• Description of the task
Transcribe the following entries word for word. End with the line where "Mitsubishi Outlander снимка" appears.

Data entries

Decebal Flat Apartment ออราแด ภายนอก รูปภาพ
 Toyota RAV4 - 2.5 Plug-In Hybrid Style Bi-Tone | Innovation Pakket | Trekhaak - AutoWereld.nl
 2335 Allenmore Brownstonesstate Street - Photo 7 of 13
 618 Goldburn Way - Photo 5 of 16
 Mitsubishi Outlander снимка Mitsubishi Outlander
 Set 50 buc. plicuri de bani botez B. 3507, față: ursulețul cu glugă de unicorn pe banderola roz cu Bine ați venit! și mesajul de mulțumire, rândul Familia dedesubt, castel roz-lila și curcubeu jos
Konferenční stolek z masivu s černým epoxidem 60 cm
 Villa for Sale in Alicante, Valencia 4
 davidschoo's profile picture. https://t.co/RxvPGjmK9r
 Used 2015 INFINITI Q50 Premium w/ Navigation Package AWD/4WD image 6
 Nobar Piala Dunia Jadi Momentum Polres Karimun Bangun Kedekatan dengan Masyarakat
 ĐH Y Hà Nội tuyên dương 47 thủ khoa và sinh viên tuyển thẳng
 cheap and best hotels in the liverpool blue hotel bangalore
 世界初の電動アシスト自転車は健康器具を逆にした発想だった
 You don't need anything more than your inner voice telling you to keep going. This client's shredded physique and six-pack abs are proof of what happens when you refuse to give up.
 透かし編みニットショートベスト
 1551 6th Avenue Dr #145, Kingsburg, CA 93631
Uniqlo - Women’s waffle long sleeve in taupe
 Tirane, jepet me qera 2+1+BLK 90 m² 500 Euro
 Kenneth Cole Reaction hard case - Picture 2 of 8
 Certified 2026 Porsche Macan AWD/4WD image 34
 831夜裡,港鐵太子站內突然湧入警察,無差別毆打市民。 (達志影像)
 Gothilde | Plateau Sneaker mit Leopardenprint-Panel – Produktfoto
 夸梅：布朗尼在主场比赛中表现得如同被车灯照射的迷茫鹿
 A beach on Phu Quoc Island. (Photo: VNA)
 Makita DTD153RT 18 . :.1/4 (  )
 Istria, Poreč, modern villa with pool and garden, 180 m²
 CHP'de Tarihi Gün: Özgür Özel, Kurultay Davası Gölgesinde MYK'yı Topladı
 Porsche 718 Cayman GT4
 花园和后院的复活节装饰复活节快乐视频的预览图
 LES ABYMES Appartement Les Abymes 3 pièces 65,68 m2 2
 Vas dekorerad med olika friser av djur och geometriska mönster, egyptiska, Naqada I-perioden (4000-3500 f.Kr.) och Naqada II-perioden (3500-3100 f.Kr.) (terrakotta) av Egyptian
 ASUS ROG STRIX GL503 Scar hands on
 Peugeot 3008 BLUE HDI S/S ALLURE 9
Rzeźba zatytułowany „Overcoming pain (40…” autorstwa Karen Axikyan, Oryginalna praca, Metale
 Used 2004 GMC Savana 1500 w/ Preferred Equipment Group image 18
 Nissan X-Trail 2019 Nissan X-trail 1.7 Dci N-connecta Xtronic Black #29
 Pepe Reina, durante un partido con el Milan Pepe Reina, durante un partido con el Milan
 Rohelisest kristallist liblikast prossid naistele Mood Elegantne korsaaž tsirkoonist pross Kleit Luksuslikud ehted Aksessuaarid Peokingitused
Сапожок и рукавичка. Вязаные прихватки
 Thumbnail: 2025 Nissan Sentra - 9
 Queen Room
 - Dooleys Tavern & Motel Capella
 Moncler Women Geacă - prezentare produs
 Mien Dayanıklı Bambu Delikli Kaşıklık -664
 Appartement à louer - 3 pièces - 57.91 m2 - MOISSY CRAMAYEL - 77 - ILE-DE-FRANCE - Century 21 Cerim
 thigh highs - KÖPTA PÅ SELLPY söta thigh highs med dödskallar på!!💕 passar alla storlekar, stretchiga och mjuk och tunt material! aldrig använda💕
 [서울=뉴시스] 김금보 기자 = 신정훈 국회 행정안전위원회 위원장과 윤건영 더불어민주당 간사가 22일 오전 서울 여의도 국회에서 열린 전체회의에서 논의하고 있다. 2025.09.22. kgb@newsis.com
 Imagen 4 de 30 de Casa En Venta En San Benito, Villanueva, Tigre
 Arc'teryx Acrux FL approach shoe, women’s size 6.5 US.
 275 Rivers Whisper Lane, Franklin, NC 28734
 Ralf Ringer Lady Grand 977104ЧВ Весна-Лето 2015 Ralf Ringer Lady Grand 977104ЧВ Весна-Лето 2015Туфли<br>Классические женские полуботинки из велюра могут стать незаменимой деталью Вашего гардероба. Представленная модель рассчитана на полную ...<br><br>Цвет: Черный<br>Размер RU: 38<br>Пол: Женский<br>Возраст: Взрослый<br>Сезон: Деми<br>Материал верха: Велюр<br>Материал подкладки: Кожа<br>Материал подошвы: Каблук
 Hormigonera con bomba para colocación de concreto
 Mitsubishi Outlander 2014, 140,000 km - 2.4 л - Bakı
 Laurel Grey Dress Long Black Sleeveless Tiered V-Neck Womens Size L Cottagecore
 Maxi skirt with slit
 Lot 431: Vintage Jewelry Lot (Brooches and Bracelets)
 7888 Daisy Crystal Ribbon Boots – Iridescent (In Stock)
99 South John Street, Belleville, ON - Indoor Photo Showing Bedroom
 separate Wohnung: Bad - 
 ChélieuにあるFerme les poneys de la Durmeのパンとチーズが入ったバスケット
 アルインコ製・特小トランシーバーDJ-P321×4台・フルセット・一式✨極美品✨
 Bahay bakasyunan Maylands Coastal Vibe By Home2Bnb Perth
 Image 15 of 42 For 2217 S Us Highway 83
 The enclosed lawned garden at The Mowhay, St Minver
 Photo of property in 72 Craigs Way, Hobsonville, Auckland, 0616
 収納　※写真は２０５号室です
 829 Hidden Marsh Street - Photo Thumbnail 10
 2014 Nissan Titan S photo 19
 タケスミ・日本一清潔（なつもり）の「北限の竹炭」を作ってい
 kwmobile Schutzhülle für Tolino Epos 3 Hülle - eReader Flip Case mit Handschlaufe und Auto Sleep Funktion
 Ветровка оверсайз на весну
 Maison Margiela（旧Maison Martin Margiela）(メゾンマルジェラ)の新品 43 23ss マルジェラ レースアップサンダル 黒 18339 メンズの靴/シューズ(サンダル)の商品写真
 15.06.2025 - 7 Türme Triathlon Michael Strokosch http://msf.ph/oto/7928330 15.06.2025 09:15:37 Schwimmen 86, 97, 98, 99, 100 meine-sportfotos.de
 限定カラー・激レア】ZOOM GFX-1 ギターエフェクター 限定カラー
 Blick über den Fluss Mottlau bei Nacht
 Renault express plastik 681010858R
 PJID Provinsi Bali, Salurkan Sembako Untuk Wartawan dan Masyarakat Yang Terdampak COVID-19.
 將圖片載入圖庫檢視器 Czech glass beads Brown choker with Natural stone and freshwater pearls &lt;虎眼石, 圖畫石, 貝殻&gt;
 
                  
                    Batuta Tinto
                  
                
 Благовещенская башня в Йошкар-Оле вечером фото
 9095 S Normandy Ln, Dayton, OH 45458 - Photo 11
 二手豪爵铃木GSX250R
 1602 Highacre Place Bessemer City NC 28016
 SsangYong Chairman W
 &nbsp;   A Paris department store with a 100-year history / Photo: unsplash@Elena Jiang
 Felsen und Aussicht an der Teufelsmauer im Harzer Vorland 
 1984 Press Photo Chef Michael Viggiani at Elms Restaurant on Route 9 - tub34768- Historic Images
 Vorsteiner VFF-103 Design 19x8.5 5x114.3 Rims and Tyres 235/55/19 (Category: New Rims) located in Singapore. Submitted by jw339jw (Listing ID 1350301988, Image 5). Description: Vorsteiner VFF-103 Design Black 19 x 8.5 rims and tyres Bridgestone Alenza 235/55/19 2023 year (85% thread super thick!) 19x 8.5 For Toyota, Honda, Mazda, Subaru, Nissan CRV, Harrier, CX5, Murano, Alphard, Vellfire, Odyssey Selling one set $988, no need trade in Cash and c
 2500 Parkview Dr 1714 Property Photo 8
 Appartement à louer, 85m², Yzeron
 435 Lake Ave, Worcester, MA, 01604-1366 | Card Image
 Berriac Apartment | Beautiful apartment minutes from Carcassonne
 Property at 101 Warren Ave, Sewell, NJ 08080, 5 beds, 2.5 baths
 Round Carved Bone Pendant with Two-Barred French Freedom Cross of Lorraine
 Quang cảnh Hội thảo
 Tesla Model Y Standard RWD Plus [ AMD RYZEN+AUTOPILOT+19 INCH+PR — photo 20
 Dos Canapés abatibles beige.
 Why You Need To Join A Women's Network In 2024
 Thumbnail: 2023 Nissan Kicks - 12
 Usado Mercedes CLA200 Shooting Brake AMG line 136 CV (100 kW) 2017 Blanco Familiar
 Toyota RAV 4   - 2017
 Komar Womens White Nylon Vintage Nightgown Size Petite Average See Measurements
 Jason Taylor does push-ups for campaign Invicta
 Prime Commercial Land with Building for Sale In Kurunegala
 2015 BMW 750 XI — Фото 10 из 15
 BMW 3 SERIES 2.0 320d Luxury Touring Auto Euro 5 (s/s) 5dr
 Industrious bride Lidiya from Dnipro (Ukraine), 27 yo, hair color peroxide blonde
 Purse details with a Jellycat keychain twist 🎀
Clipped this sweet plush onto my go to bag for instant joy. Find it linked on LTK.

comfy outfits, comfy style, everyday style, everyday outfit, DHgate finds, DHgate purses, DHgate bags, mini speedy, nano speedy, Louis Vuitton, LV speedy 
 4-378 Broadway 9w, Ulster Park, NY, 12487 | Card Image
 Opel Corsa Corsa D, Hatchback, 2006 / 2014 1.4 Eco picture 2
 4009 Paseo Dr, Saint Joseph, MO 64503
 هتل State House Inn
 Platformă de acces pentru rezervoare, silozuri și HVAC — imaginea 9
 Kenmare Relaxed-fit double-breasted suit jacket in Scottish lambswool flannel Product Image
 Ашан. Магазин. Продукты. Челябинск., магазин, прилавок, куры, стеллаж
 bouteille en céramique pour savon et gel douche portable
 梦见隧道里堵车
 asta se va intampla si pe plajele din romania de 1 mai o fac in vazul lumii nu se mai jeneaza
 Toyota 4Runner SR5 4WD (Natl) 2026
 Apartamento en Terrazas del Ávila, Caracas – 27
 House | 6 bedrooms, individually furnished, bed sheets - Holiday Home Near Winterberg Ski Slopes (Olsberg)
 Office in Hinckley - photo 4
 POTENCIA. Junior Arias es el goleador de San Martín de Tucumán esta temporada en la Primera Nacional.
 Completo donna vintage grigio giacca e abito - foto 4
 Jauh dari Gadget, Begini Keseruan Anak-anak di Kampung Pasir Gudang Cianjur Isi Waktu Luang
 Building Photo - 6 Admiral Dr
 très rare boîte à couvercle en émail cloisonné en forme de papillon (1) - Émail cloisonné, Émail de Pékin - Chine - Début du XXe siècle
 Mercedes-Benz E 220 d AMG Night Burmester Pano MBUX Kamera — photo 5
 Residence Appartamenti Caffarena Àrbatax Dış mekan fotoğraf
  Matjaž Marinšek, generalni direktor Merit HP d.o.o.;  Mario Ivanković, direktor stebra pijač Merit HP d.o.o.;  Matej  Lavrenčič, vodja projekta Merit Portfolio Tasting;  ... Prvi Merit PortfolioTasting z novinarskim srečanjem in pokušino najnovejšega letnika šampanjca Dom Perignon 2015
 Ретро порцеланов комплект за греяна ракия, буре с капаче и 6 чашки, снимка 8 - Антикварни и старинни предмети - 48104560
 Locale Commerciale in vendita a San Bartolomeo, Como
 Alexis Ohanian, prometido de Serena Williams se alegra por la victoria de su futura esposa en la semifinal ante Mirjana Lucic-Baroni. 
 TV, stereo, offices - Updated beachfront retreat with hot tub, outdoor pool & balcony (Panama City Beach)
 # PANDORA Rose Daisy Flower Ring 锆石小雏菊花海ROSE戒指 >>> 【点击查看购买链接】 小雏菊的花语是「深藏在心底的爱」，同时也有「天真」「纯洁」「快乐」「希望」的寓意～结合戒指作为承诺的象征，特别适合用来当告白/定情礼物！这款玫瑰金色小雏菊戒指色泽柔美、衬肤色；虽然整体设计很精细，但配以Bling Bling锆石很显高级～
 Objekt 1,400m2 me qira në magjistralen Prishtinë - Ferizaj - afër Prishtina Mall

• Response
Decebal Flat Apartment ออราแด ภายนอก รูปภาพ
 Toyota RAV4 - 2.5 Plug-In Hybrid Style Bi-Tone | Innovation Pakket | Trekhaak - AutoWereld.nl
 2335 Allenmore Brownstonesstate Street - Photo 7 of 13
 618 Goldburn Way - Photo 5 of 16
 Mitsubishi Outlander снимка Mitsubishi Outlander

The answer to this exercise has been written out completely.